Provided material:
= = = =
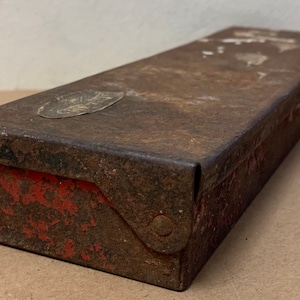 Peut inclure: Une boîte en métal rouillée avec un intérieur rouge et un autocollant argenté sur le dessus. La boîte a un couvercle à charnières et un fermoir en métal.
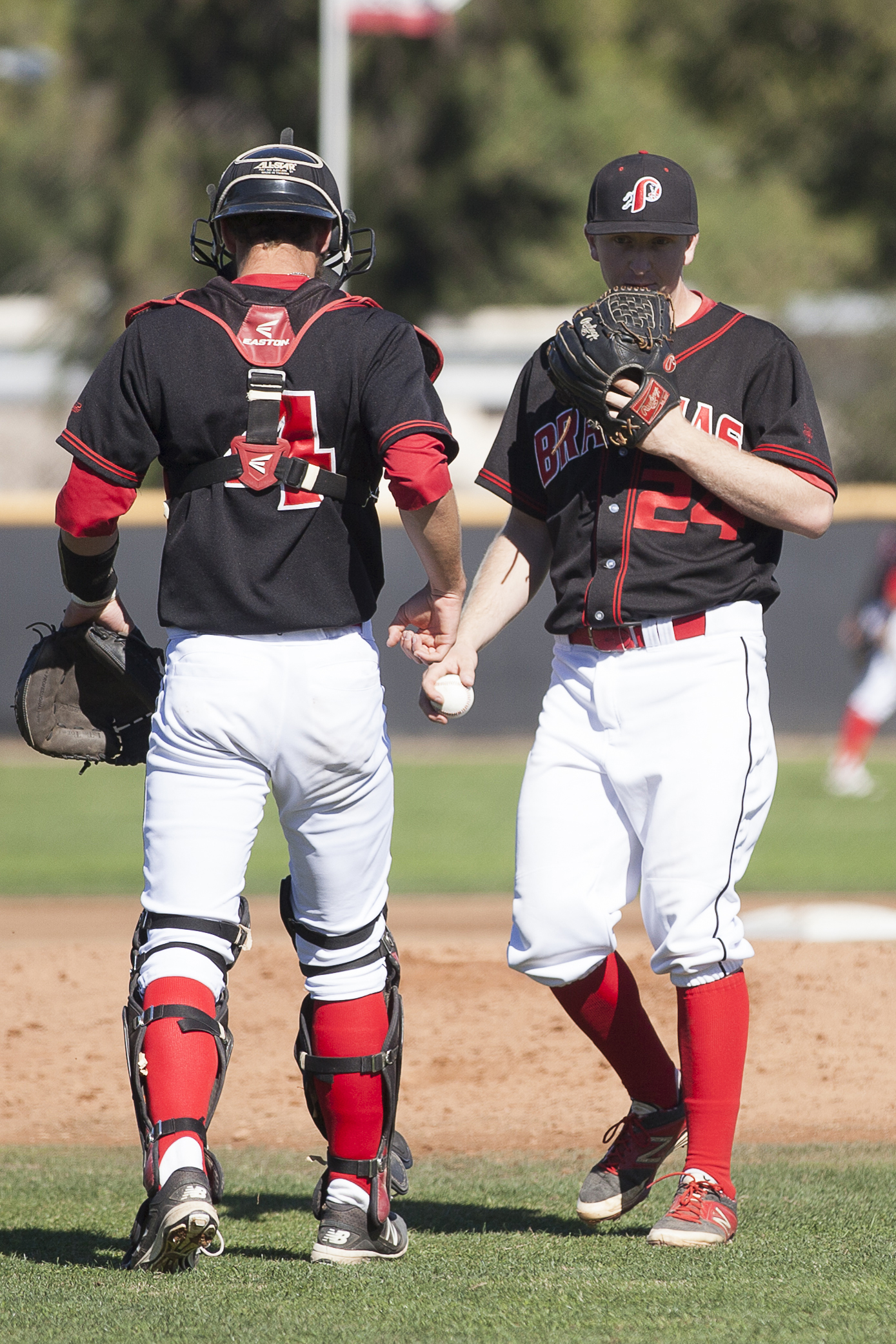  Evan Yeager, left, has a brief meeting with Brett Weisberg on the mound before facing the next Glendale batter during a home game in Woodland Hills, Calif., against Glendale College on Saturday, Feb. 13, 2016. 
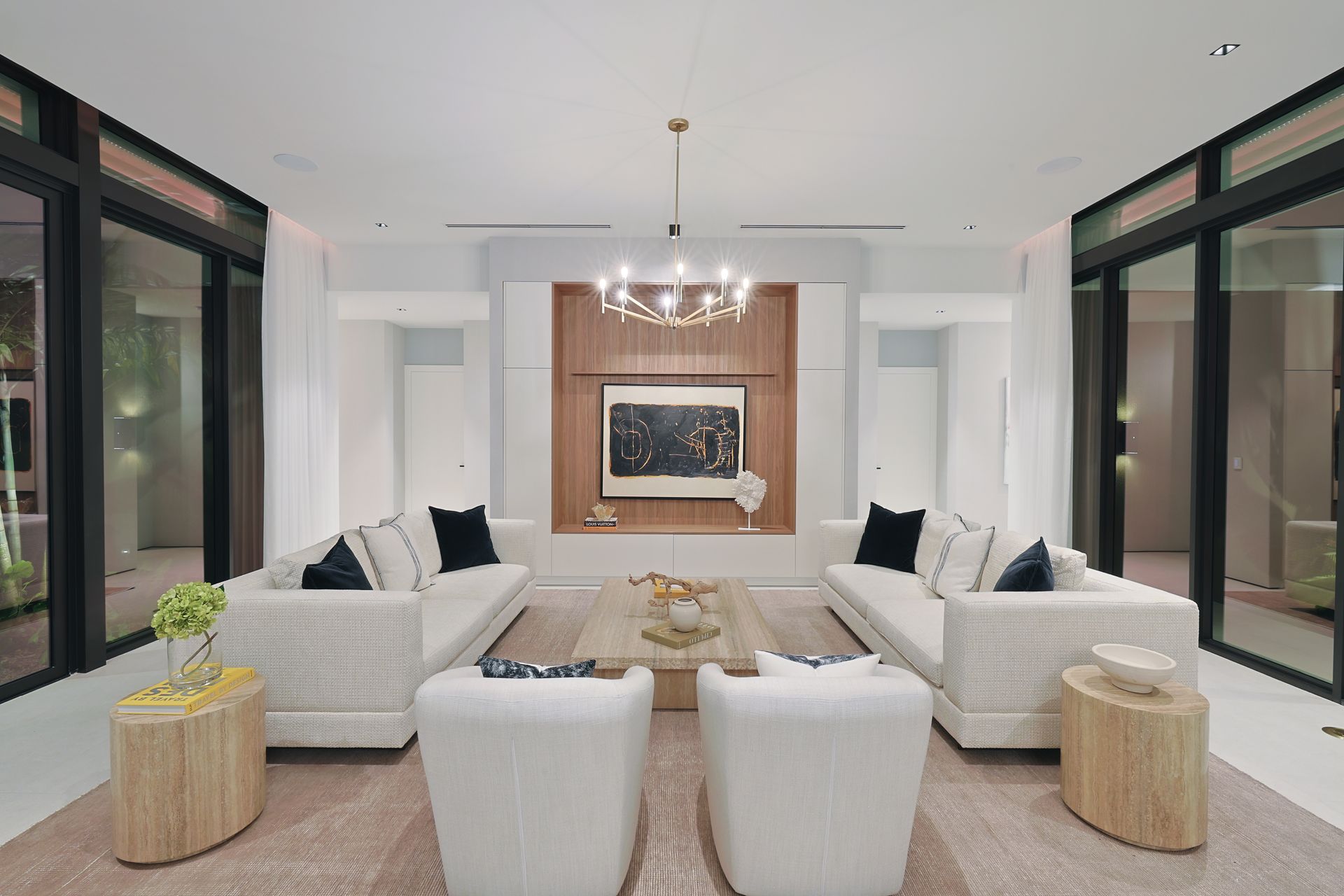 Modern living room with white sofas, chairs, and a central coffee table, accented by black window frames and wooden panels.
= = = =
All of the data above should be transcribed verbatim, with pictures omitted.

Solution for this problem:
 Peut inclure: Une boîte en métal rouillée avec un intérieur rouge et un autocollant argenté sur le dessus. La boîte a un couvercle à charnières et un fermoir en métal.
  Evan Yeager, left, has a brief meeting with Brett Weisberg on the mound before facing the next Glendale batter during a home game in Woodland Hills, Calif., against Glendale College on Saturday, Feb. 13, 2016. 
 Modern living room with white sofas, chairs, and a central coffee table, accented by black window frames and wooden panels.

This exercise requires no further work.